Self-Regulatory Organizations; International Securities Exchange, 
Inc.; Notice of Filing and Immediate Effectiveness of Proposed Rule 
Change and Amendment No. 1 Thereto Relating to Fee Changes

May 31, 2006.
    Pursuant to section 19(b)(1) of the Securities Exchange Act of 1934 
(the ``Act''),\1\ and Rule 19b-4 thereunder,\2\ notice is hereby given 
that on May 5, 2006, the International Securities Exchange, Inc. 
(``ISE'' or ``Exchange'') filed with the Securities and Exchange 
Commission (``Commission'') the proposed rule change as described in 
Items I, II, and III below, which Items have been prepared by the ISE. 
On May 23, 2006, ISE filed Amendment No. 1 to the proposed rule 
change.\3\ The ISE has designated this proposal as one establishing or 
changing a due, fee, or other charge imposed by the ISE under section 
19(b)(3)(A)(ii) of the Act,\4\ and Rule 19b-4(f)(2) thereunder,\5\ 
which renders the proposal effective upon filing with the Commission. 

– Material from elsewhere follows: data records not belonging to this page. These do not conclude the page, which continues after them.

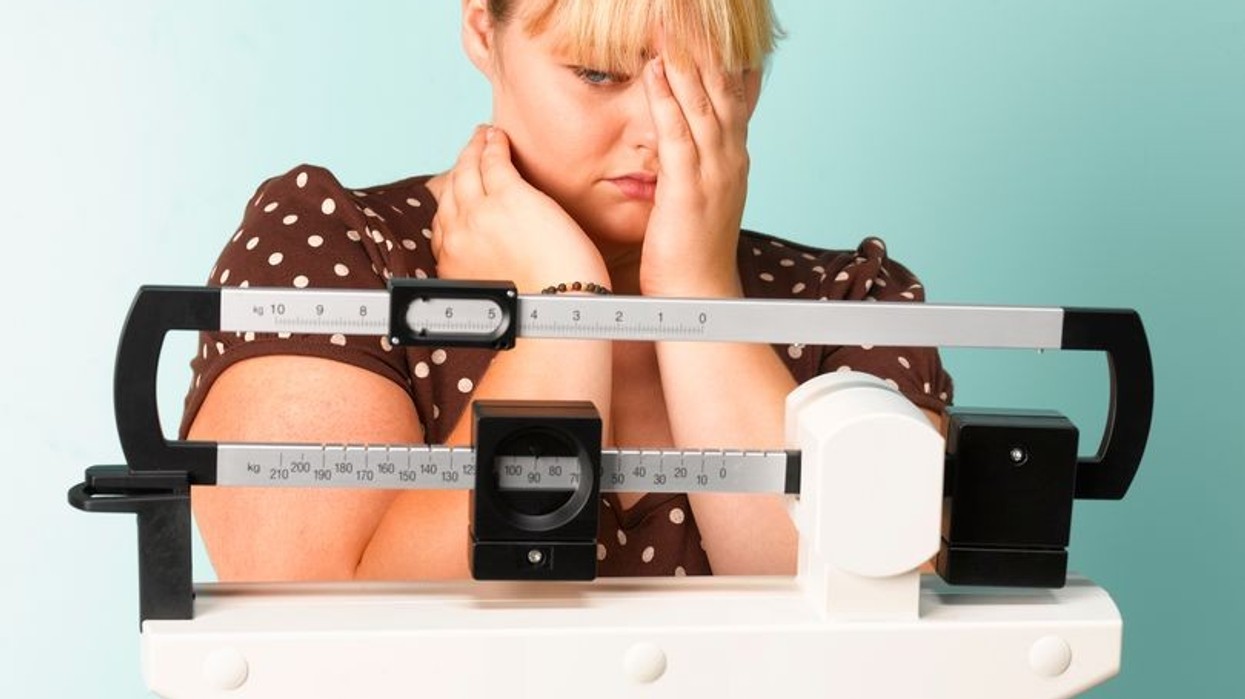 2017/12/Obese-teenager-on-scales.jpg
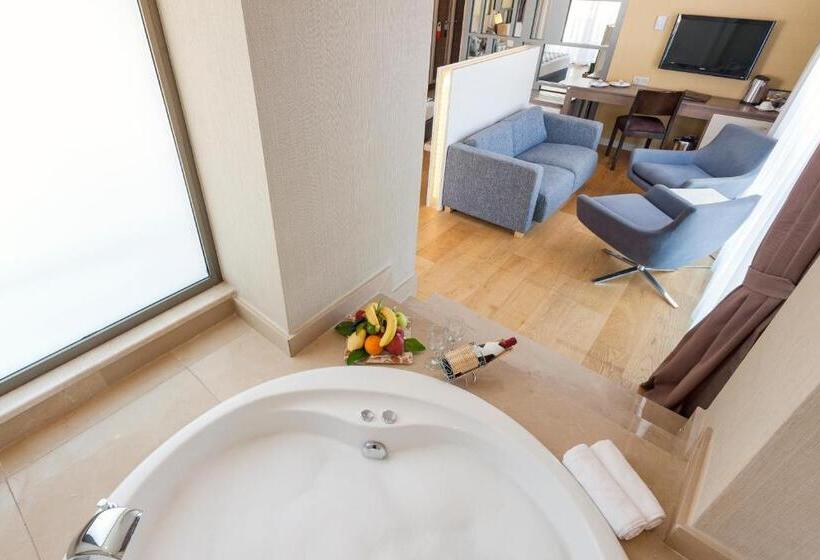 Номер Deluxe с Гидромассажем, Sherwood Dreams Resort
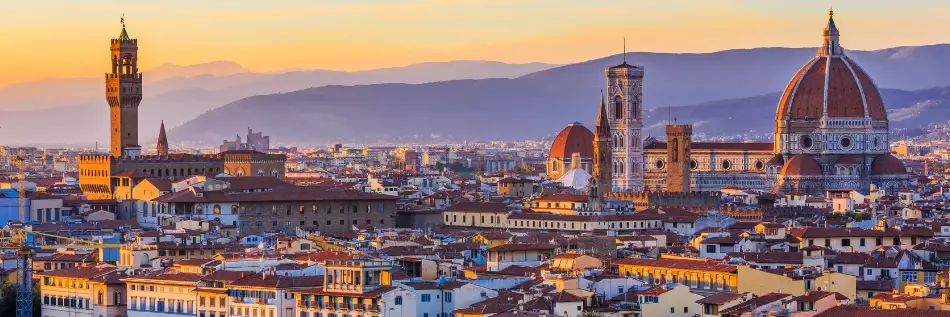Vue de Florence après le coucher du soleil de Piazzale Michelangelo, Italie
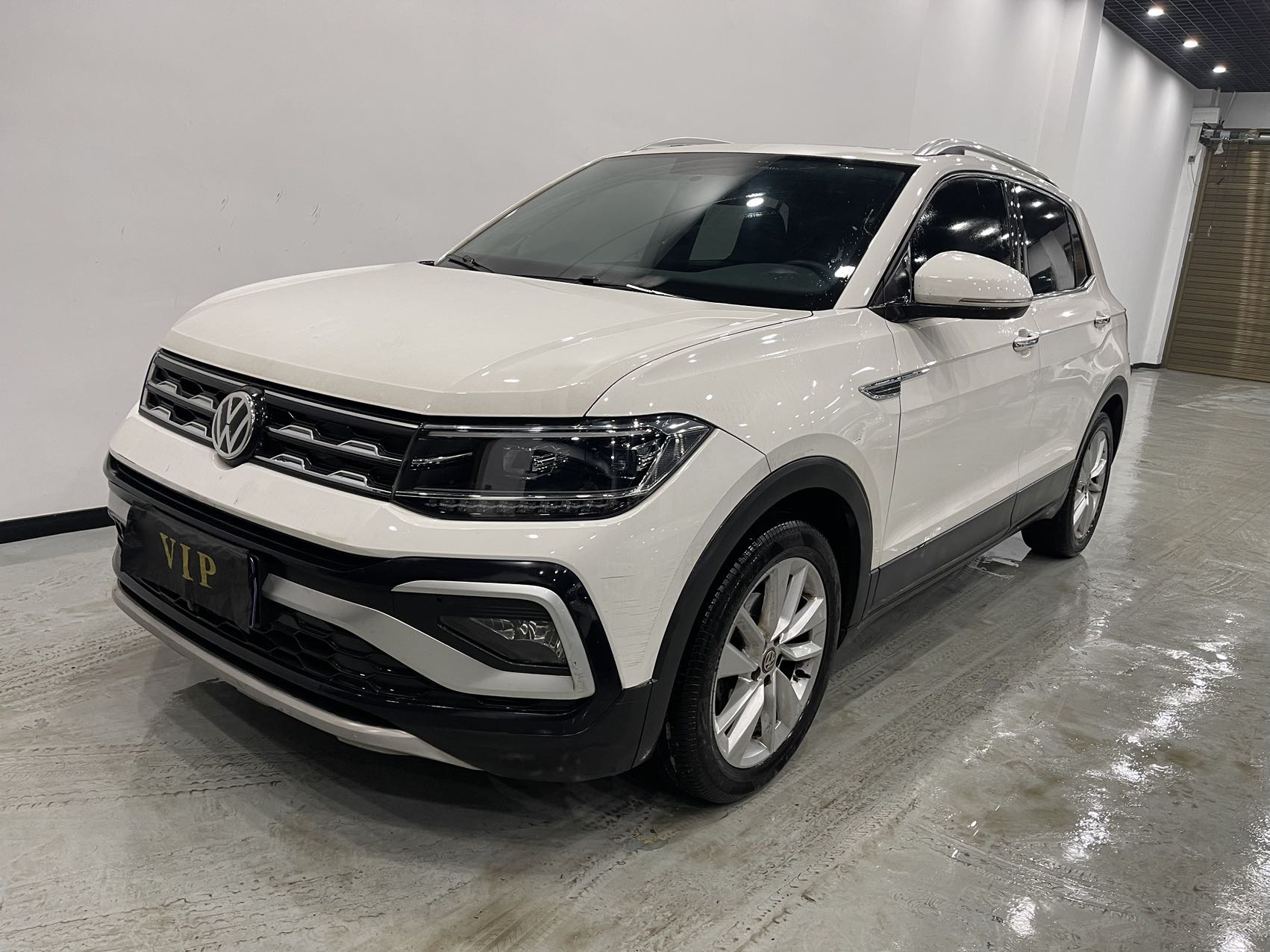 Volkswagen T-Cross 2020 Volkswagen T-Cross 2020 car image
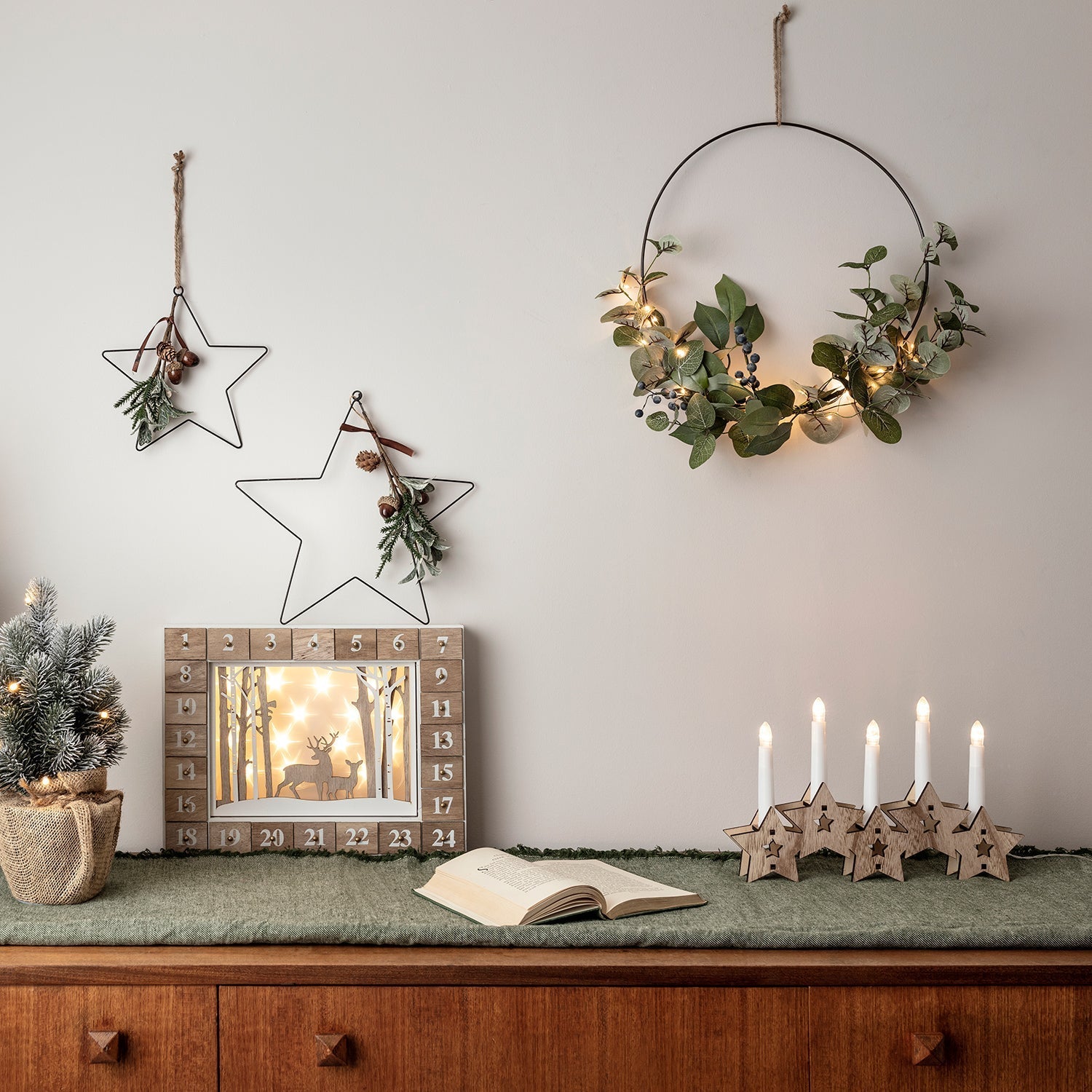 D-WR1903_Half-Wire-Wreath-with-Micro-Lights-Drawers_P3.jpg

The Commission is publishing this notice to solicit comments on the 
proposed rule change, as amended, from interested persons.
---------------------------------------------------------------------------

    \1\ 15 U.S.C. 78s(b)(1).
    \2\ 17 CFR 240.19b-4.
    \3\ Amendment No. 1 added clarifying language to the purpose 
section of the filing regarding fees charged to non-ISE Market 
Makers for transactions in options on the Premium Products and made 
a technical change to the text of Exhibit 5 (ISE's Schedule of Fees) 
correcting the symbol for the Mini FTSE 100 Index from UKZ to UKX. 
The correction to Exhibit 5 does not affect the fees covered by this 
filing.
    \4\ 15 U.S.C. 78s(b)(3)(A)(ii).
    \5\ 17 CFR 240.19b-4(f)(2).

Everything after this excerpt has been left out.